Standard Variable rate mortgage – This kind of mortgage is linked to the Bank of England Base Rate. Although the interest rate in this type of mortgage increases and decrees in tune with the Bank of England Base Rate, the lenders are not obliged to decrease the standard variable rate even if there has been a decrease in the Bank of England Base Rate. This type of mortgage is not very popular today as better rates are accessible on products such as fixed, tracker and discount. However it is worth noting that when fixed, tracker and discount deals come to an end they relapse to the standard variable rate. So the onus is on the borrower to arrange a better deal since the standard variable mortgage rates are generally very high (usually 1% to 1.5% higher than the Bank of England Base Rate) which will mean higher monthly repayments.

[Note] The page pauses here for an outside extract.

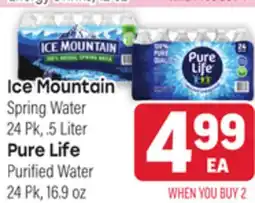 Tony’s Fresh Market Ice Mountain Spring Water, 24 Pk, .5 Liter AND Pure Life Purified Water, 24 Pk, 16.9 oz offer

Fixed rate mortgage – Lenders offer these rates to new borrowers and to borrowers looking to re-mortgage. The advantage of this type of mortgage is that the rates are fixed for the period on offer eg 2 years, 3 years, 5 years etc. The borrower knows how much he is accountable to pay for that period and so can budget accordingly. He / she is there protected against any interest rate increases. The downside is that if interest rates are to fall, then he / she will not be able to take advantage of lower interest rates due to the fact that he / she has opted for the fixed interest rate. If the borrower wants to change from a fixed rate to a mortgage product with a lower rate, he / she will find a clause in his / her mortgage contract that they will be subjected to an early repayment charge. The reason for this early repayment charge clause is to discourage the borrower from switching to another product with the same lender or to another lender. Early reimbursement charges will also apply if the borrower wants to part – repay his / her mortgage before the stipulated time. However, there are some lenders who do allow their borrowers to part- repay for an example, 10% of their capital outstanding each year without incurring early repayment charges. Do keep in mind too that once the fixed rate deal ends, the mortgage interest rate always reverts back to the lender's standard variable rate which is often higher than the fixed rate deal. Without the borrower taking steps to seek a better deal with another lender, he / she will end up with higher monthly repayments especially if interest rates have increased during the prevalence of his / her fixed rate deal.
Tracker rate mortgage – This variable rate mortgage tracks the Bank of England Base Rate over a set period characteristically 2 years, 3 years (or more) right up to ten years. The charged rate will be either a fixed percentage above the Bank of England Base Rate for the whole period or a fixed discount off the Bank of England Base Rate for a given period of time followed by a fixed percentage higher than the Bank of England Base Rate for the remaining term. The main benefit of this product is that there is a guarantee that the interest rate will be less following a decrease in the Bank of England Base Rate. This type of guarantee does not exist with standard variable mortgages. If the lender decides to reduce the interest rate on a standard variable mortgage even though there has been no reduction in the Bank of England Base Rate, the lender will not be obligated to lower the interest on the tracker mortgage. But as it is with the fixed rate mortgage, early repayment / part repayment charges will doly apply.
Discounted Rate Mortgage – This kind of mortgage offers a discount off the lender's standard variable rate mortgage for a given time say 2 years or more. Depending on the discount, the borrower always pays less than the lender's standard variable rate eg 1%. So the borrower will benefit if the common trend is towards reduction in interest rates. Unlike the tracker mortgage, the lender is not obligated to decrease interest rates even if the Bank of England Base Rate is declined. As it is with the other kinds of mortgages, early repayment / part reimbursement charges will apply in this type of mortgage as well.